Conference: CVPR 2025
arXiv: 2503.22430
Code: https://github.com/nianticlabs/mvsanywhere
Area: 3D Vision/Multi-View Stereo
Keywords: Multi-View Stereo, Zero-shot Generalization, Adaptive Cost Volume, Monocular Depth Prior, ViT, Depth Estimation

TL;DR

This paper proposes MVSAnywhere (MVSA), a general-purpose multi-view stereo matching architecture. By using a Cost Volume Patchifier, cost volume information is efficiently tokenized and fused with monocular ViT features (Mono/Multi Cue Combiner). Combined with a view-count and scale-agnostic metadata encoding and a cascaded adaptive depth range estimation, MVSA achieves zero-shot SOTA on the Robust MVS Benchmark, while supporting an arbitrary number of source views and arbitrary depth ranges.

Background & Motivation

Background: Learning-based multi-view stereo (MVS) has achieved excellent performance, but existing methods (such as MVSNet, SimpleRecon) usually only generalize within specific domains (indoor/outdoor/driving) and require known depth ranges and a fixed number of source views. Monocular depth estimation models (such as Depth Anything V2, Depth Pro) generalize well but lack the accuracy brought by multi-view geometric signals.

Limitations of Prior Work: (1) Depth ranges vary drastically across different scenarios (DTU: ~1m, KITTI: ~80m), making fixed depth bins ungeneralizable across domains; (2) SimpleRecon requires exactly 8 source frames, limiting flexibility; (3) CNN-based cost volume processors cannot leverage the strong representation capabilities of ViTs; (4) Limited domains in training data lead to poor zero-shot performance.

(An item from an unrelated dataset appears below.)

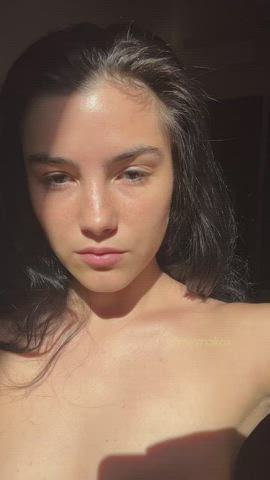 I don't wear a bra because I like to bounce my pale tits :) - free porn video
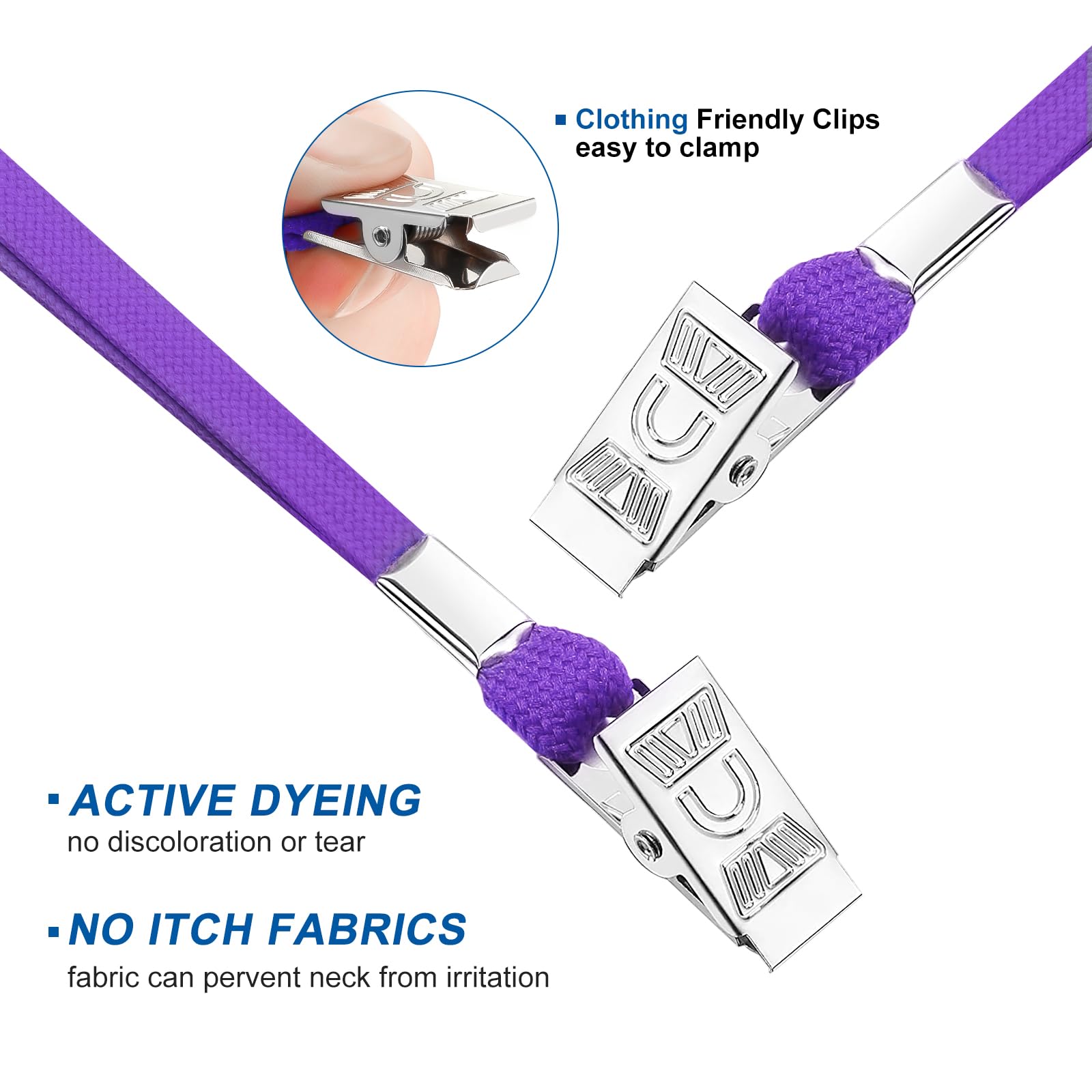 Lot de 100 cordons pour badges d'identité et 100 porte-badges d'identification horizontaux en plastique transparent, tour de cou plat avec clip étanche et refermable pour porte-nom (violet)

Key Challenge: Building a general-purpose MVS system requires simultaneously addressing generalization across four dimensions—domain generalization, depth range generalization, source frame count generalization, and 3D consistency assurance—where these goals may conflict in terms of architectural design.

Goal: Design a single MVS model that can generalize in a zero-shot manner to any domain, any depth range, and an arbitrary number of source frames, while predicting 3D-consistent depth maps.

Key Insight: (1) Train using diverse large-scale synthetic data; (2) Inject monocular ViT priors into the MVS pipeline; (3) Design a view-count and scale-agnostic metadata mechanism and an adaptive cost volume depth range.

Core Idea: Elegantly fuse cost volume with monocular ViT features through a Cost Volume Patchifier, coupled with view-count-agnostic metadata aggregation and cascaded adaptive depth range, to achieve a truly general-purpose MVS.

Method

Overall Architecture

The inputs are the reference image \(I_r\) and \(N\) source frames \(I_i\), along with their relative poses and camera intrinsics. The feature extractor (the first two blocks of ResNet18) extracts \(H/4 \times W/4\) feature maps to construct the cost volume. The reference image encoder (ViT-Base from Depth Anything V2) extracts \(H/16 \times W/16\) monocular features. The cost volume is converted into token sequences via the Cost Volume Patchifier, then fused with monocular features in the Mono/Multi Cue Combiner ViT. Finally, a DPT-style decoder progressively upsamples the features to output full-resolution depth maps.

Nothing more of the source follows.